Deep Vein Thrombosis,Dr. Imtiaz Ahmad, Comprehensive Vein Treatment Center

When it comes to your health, especially your vascular health, a little knowledge can go a long way, and may even save your, or a loved one’s, life. While we don’t like using scare tactics as a motivation tool, the fact is that safeguarding your cardiovascular health often comes down to recognizing the early signs of trouble so we can take action. Deep vein thrombosis is a prime example of this, which is why we’ve pulled together the following primer on the condition.

Here at Comprehensive Vein Treatment Center, Dr. Imtiaz Ahmad believes in the old saw: Forewarned is forearmed. With this in mind, he gives his patients in Trenton, New Jersey, the tools they need to preserve their vascular health for years to come.

If you’d like to explore the world of blood clots and deep vein thrombosis, here’s what you need to know and, more importantly, what you can do.

By the numbers

As we stated above, scare tactics aren’t a great way to start a health conversation, but they’re sometimes necessary to drive a point home. So let’s review some of the numbers surrounding deep vein thrombosis (DVT) and pulmonary embolism (PE). According to the CDC, as many as 900,000 people may be affected by DVT/PE in the United States each year, which can lead to serious health complications and sometimes death. Bear in mind that they also call DVT/PE “underdiagnosed and serious, but preventable medical conditions.”

Why preventable? Because some people are more at risk than others, which allows them the chance to be more vigilant.

DVT 101

Before we get into the risks and warning signs, it’s helpful to quickly review what DVT is. As the name implies, the condition is caused when a blood clot forms in a deep vein, usually in your lower leg, thigh, pelvis, and, less commonly, your arm. This clot can cause long-term damage to the valves in the vein in a condition known as post-thrombotic syndrome, but the more serious complication occurs when the clot moves into your lung, which leads to a pulmonary embolism.

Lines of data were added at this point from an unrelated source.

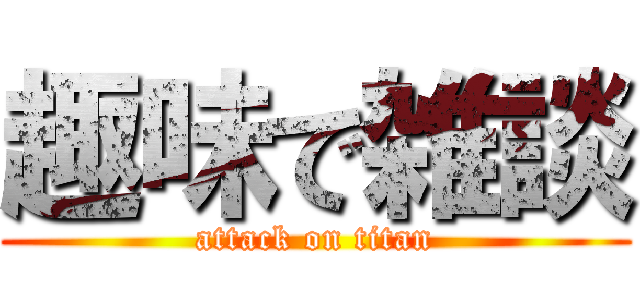 趣味で雑談 (attack on titan)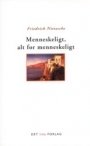 Omslag: Menneskeligt, alt for menneskeligt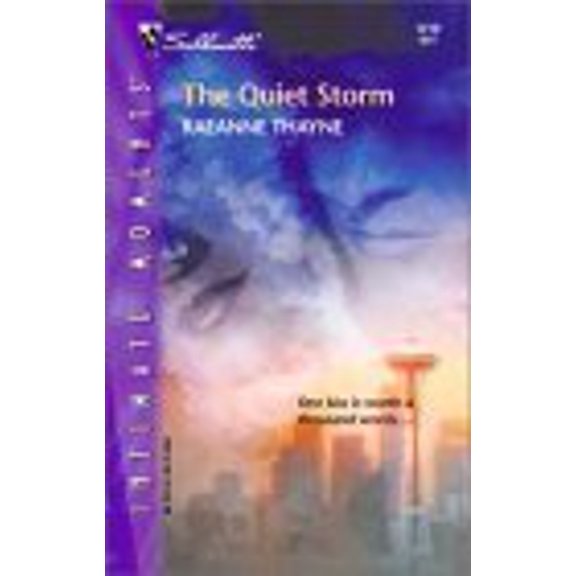 Pre-Owned The Quiet Storm (Silhouette Intimate Moments) (Unknown) 037327288X 9780373272884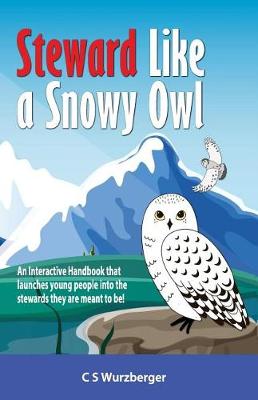 Book cover for Steward Like a Snowy Owl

If your clot breaks off and moves through your bloodstream to your lungs, it can prevent blood from reaching your lungs, which can be fatal. In less severe cases, the clot may seriously hamper blood flow to your lungs, which can damage your pulmonary system, leaving you with a lifetime of potential complications. In fact, approximately 30% of those who’ve had DVT or PE are at a greater risk of recurrence.

Know the risks

DVT can affect almost anyone, but there are some situations that put you more at risk. For example, if you’ve injured a vein in a fracture or you’ve had surgery in your abdomen, hips, or legs, your risk for DVT is heightened.

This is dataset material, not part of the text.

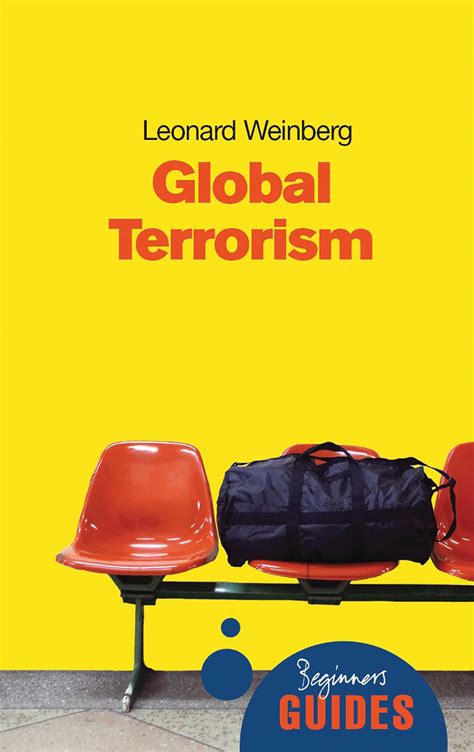 Global Terrorism Book By Leonard B Weinberg Official Publisher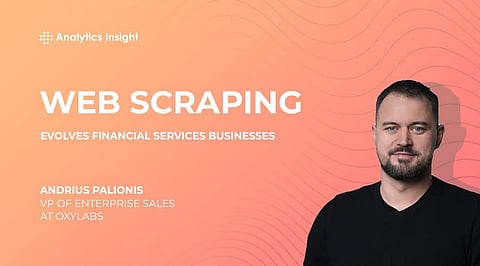 Web Scraping Evolves Financial Services Businesses Author: Andrius Palionis, VP of Enterprise Sales at Oxylabs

And while the injury may not directly affect your vascular health, blood clots can form after prolonged periods of rest or immobility. Think about wearing a cast or being confined to a bed as primary examples.

For women, a rise in estrogen levels can lead to DVT, so consider those things that cause increased estrogen in your body, such as birth control pills, pregnancy, and hormone replacement therapies.

Lastly, your existing health issues can play a significant role in whether you develop DVT, so people with heart or lung disease need to be on higher alert.

If you fall into any of these categories, check with us about taking precautions to head off DVT.

Know the signs

Unfortunately, half of all people with DVT don’t have any symptoms, but it can make itself known through pain and swelling near the affected vein, as well as tenderness and redness. If you’re experiencing any of these signs, get in to see us as soon as possible so we can run a thorough diagnostic evaluation.

If the blood clot breaks off and moves to your lungs, you may experience difficulty breathing, chest pain or tightness, and faintness. You may also cough up blood. In these cases, go straight to the emergency room.